• Work required
Reproduce only the lines below from the line containing "Screenshot of a" to the line containing "Brown Aura Hue", exactly as written, with both end lines kept. Omit the pictures.

• Data excerpts
Start of Block

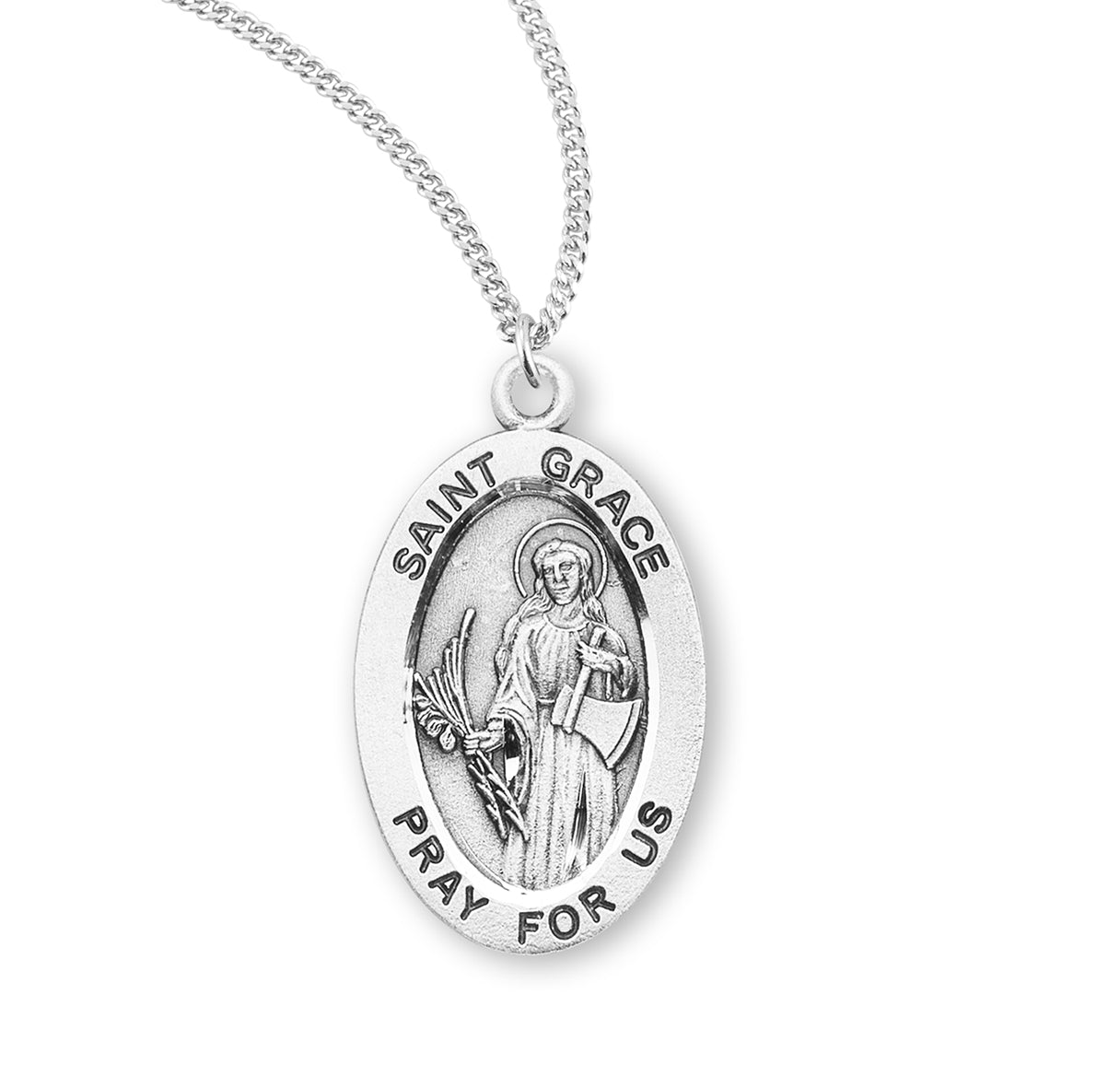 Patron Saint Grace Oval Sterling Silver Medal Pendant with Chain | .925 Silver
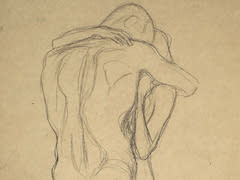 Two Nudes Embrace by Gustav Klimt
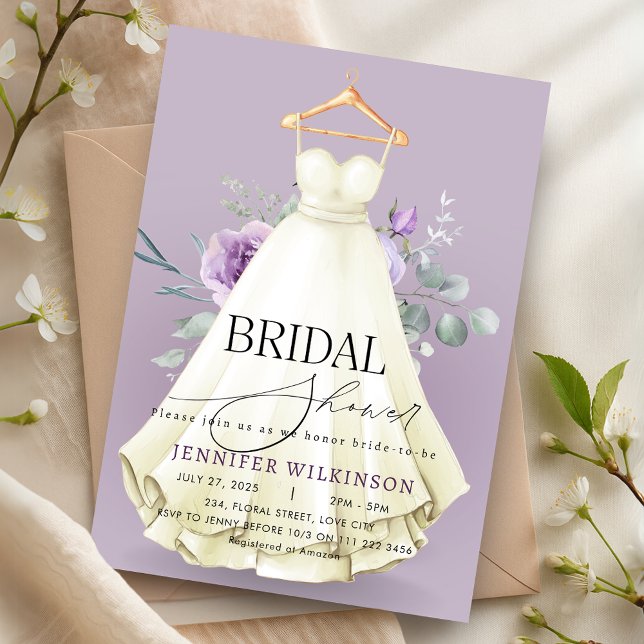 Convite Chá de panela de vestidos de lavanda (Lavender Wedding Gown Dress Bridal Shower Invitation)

End of Block
Start of Block

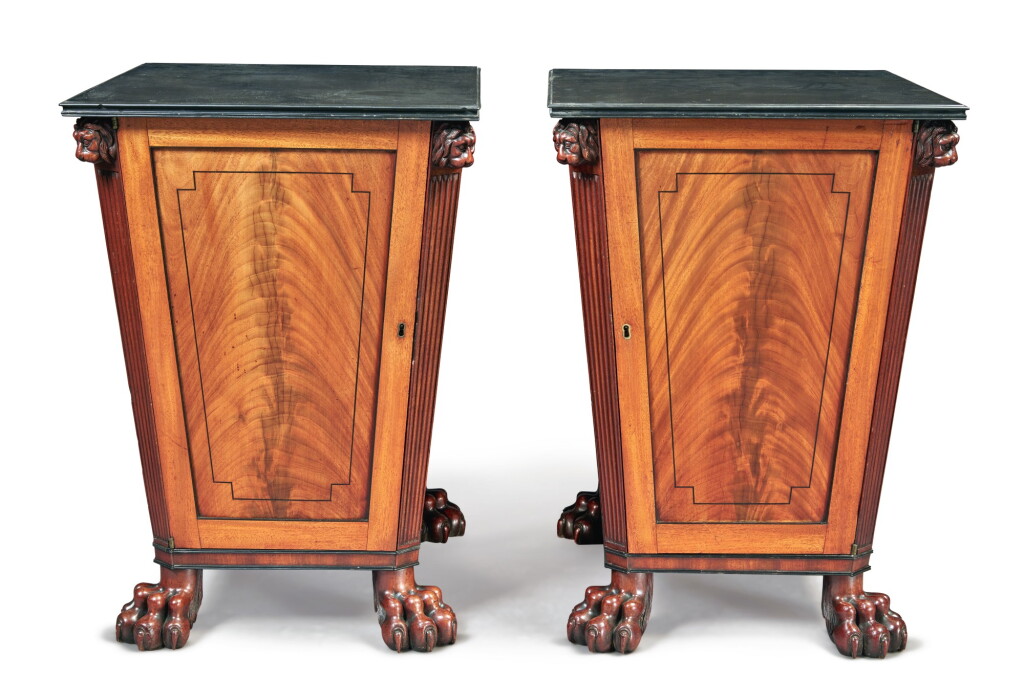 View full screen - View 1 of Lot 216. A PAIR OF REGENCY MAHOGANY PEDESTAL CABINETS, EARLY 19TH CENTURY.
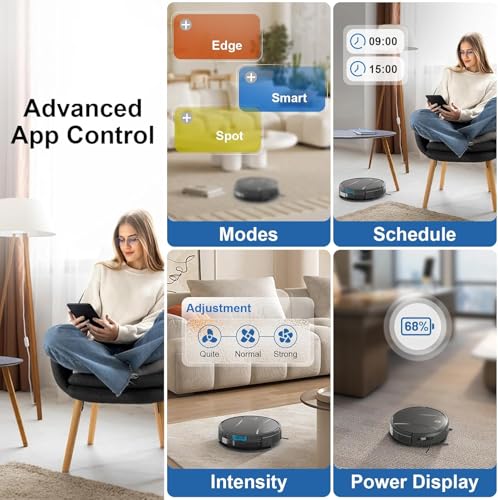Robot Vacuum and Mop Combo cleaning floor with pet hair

End of Block
Start of Block

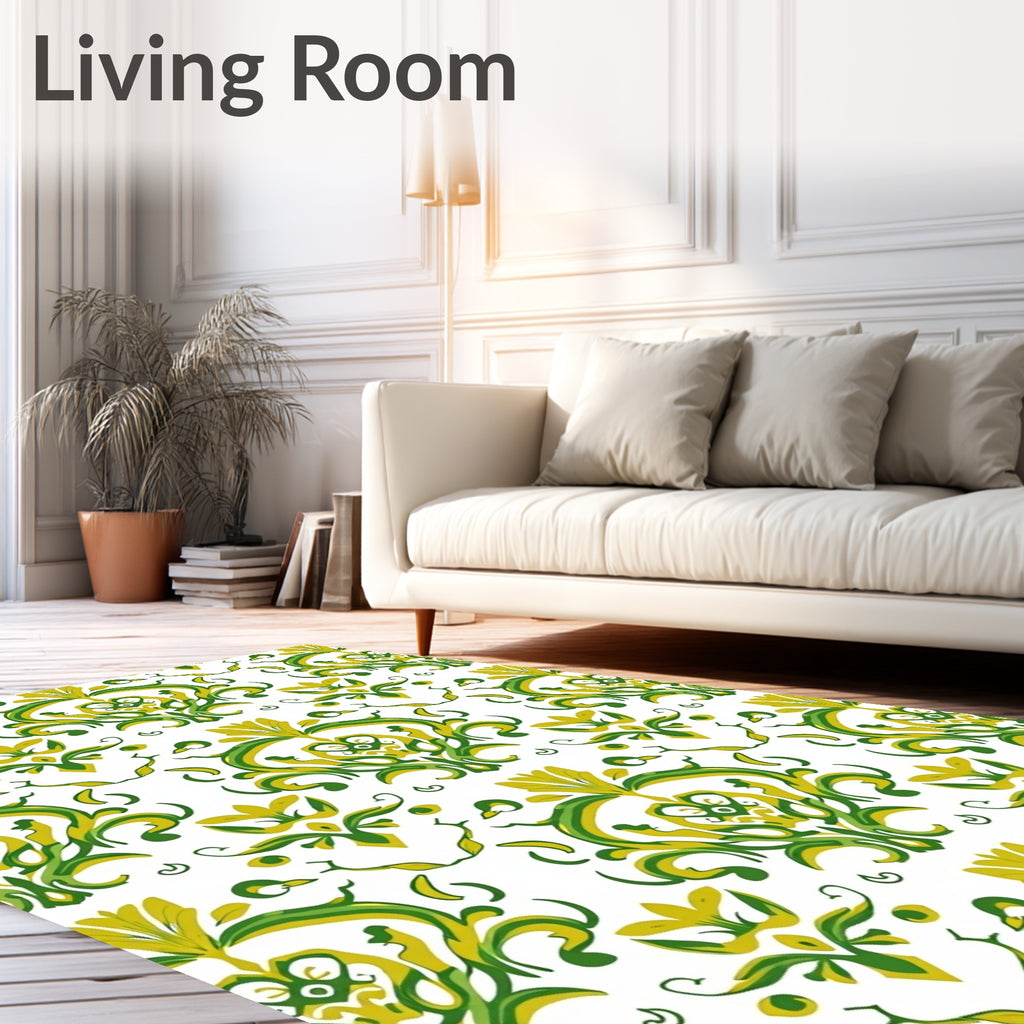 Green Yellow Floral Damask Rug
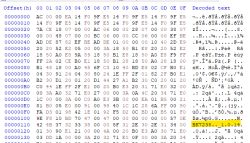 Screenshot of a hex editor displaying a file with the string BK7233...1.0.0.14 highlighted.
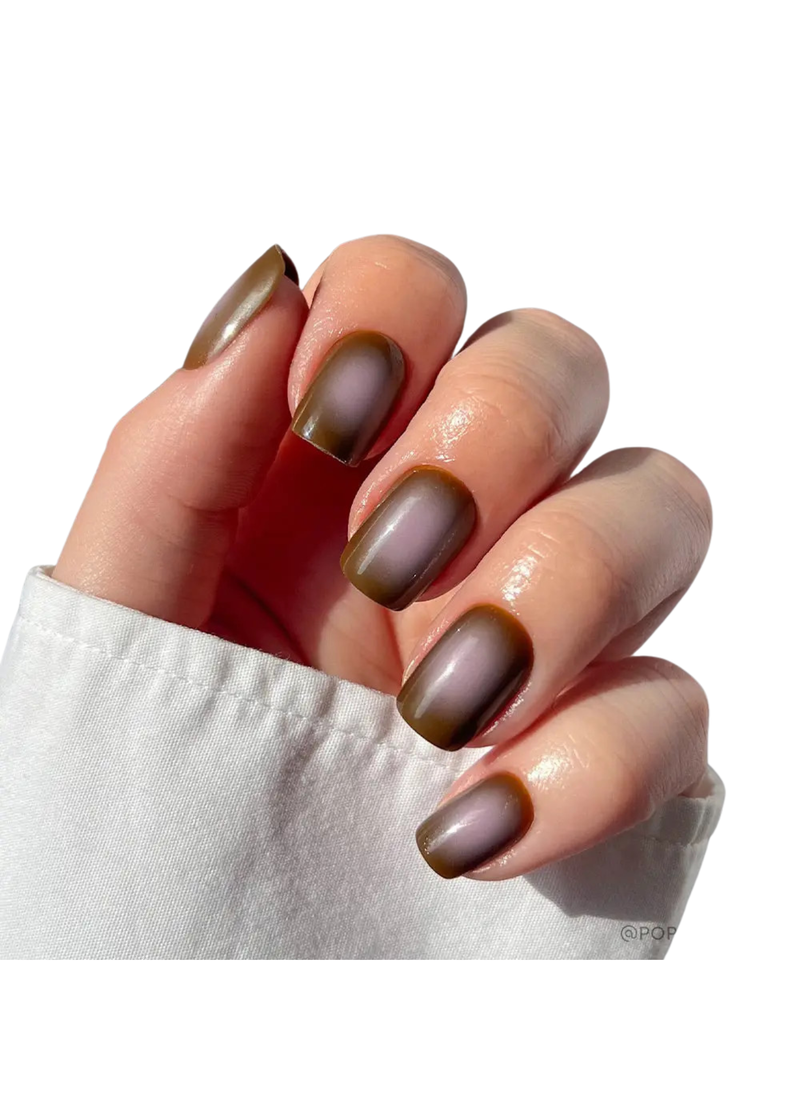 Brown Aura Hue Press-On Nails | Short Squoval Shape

End of Block

• Task output
 Screenshot of a hex editor displaying a file with the string BK7233...1.0.0.14 highlighted.
 Brown Aura Hue Press-On Nails | Short Squoval Shape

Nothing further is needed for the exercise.